Problem details:
Below are entries with pictures among them; reproduce exactly, and only, the lines from the one containing "Lufian Grant Smart" down to the one containing "Womens White Mark", without the pictures.
BEGIN Exercise materials
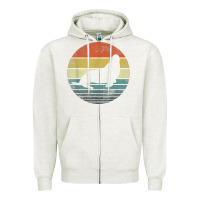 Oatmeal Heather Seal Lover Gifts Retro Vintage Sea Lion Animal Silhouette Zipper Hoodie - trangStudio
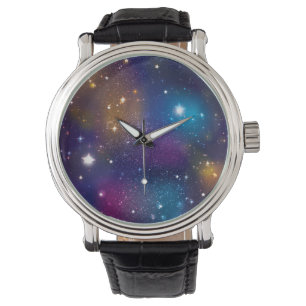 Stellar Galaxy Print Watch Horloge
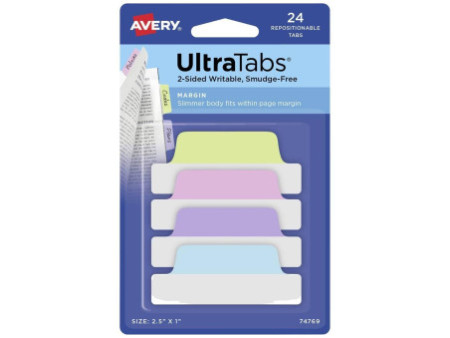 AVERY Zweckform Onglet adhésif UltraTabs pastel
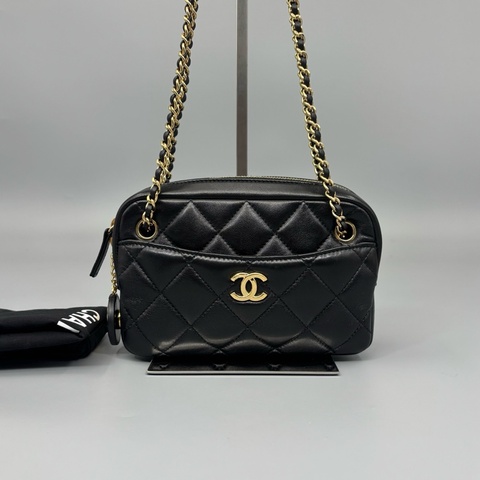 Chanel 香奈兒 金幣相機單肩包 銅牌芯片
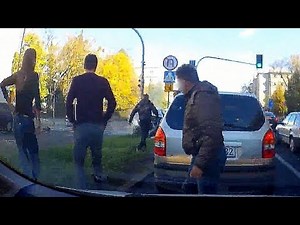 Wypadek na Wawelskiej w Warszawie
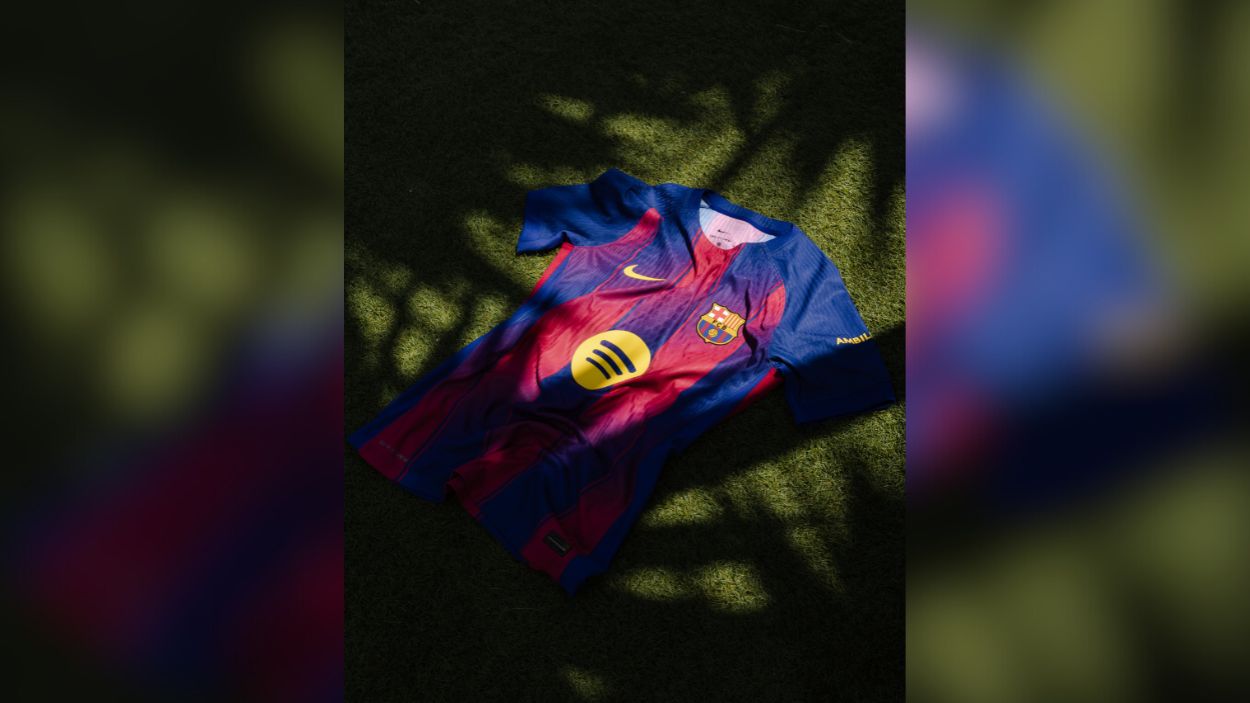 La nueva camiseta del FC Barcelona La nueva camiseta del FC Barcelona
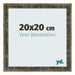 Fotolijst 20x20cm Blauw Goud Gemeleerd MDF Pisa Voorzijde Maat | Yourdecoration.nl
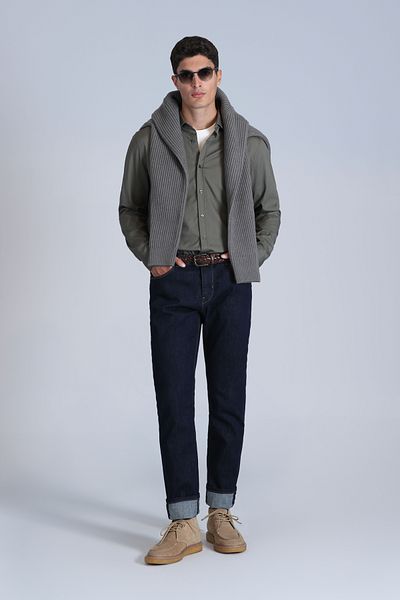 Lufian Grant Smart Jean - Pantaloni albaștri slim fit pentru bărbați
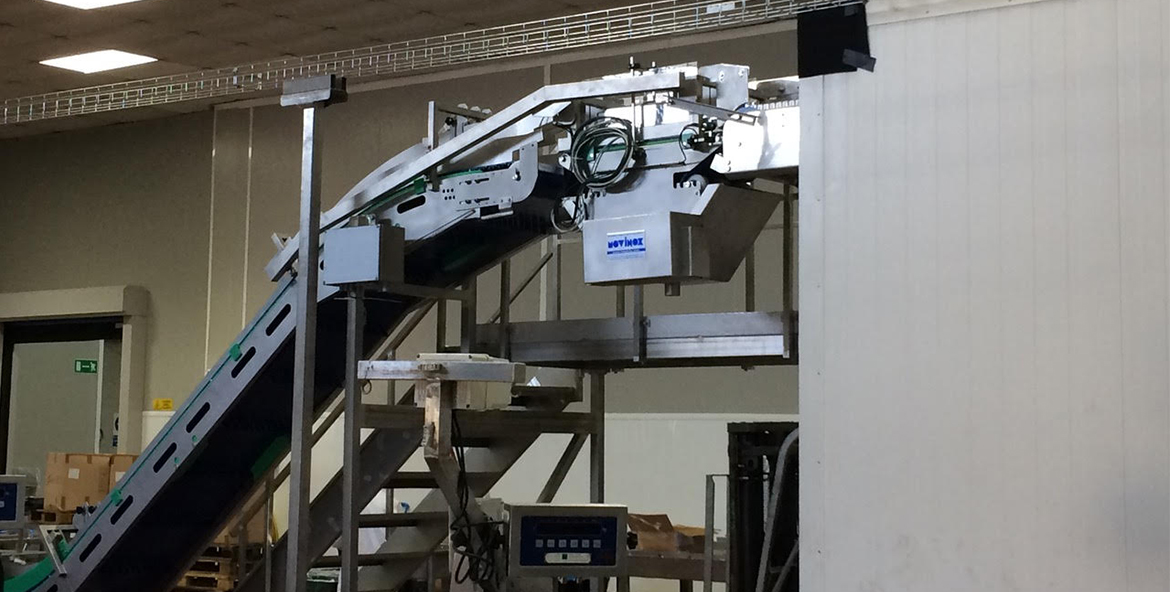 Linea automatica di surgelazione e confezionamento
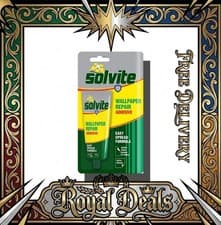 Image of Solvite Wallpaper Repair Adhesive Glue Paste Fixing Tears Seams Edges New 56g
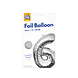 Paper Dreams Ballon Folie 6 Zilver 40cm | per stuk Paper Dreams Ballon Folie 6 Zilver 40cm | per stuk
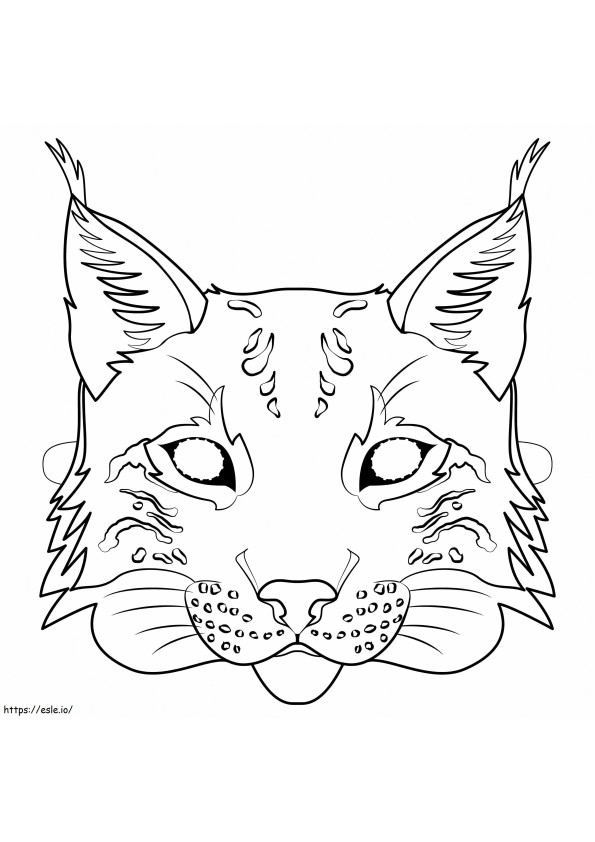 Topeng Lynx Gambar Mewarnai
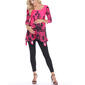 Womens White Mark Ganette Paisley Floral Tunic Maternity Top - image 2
END Exercise materials
BEGIN Exercise materials
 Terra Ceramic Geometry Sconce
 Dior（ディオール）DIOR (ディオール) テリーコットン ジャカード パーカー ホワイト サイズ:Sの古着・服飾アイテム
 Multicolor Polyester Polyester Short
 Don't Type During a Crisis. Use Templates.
END Exercise materials
BEGIN Exercise materials
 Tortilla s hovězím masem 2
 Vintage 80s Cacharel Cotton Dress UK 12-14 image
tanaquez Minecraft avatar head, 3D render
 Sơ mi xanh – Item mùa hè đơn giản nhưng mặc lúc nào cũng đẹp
END Exercise materials
Solution for this problem:
 Lufian Grant Smart Jean - Pantaloni albaștri slim fit pentru bărbați
 Linea automatica di surgelazione e confezionamento
 Image of Solvite Wallpaper Repair Adhesive Glue Paste Fixing Tears Seams Edges New 56g
 Paper Dreams Ballon Folie 6 Zilver 40cm | per stuk Paper Dreams Ballon Folie 6 Zilver 40cm | per stuk
 Topeng Lynx Gambar Mewarnai
 Womens White Mark Ganette Paisley Floral Tunic Maternity Top - image 2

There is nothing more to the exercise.